Please set down, with no changes, every line of the material below from the one containing "Chinees Restaurant Ni" through the end. Skip the pictures.
─── Recorded information
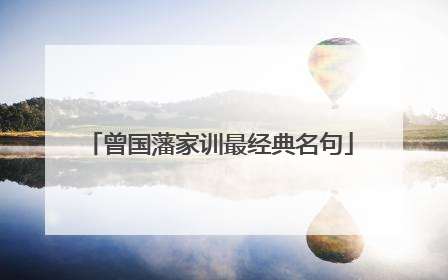 曾国藩家训最经典名句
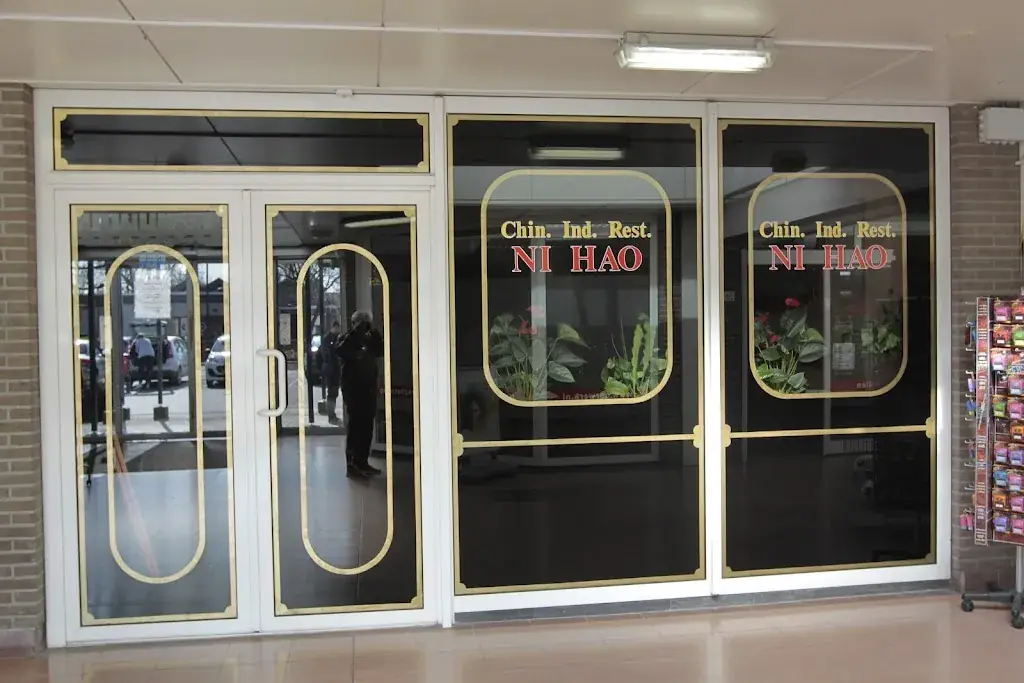 Chinees Restaurant Ni Hao restaurant in Hoogkarspel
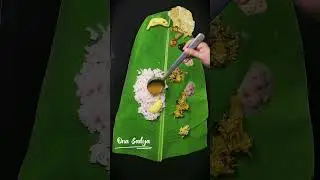 #Onasadhya #onam.                                    Kerala Cuisine Lunch series (ONAM SPECIAL) : 4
──────
Problem solution:
 Chinees Restaurant Ni Hao restaurant in Hoogkarspel
 #Onasadhya #onam.                                    Kerala Cuisine Lunch series (ONAM SPECIAL) : 4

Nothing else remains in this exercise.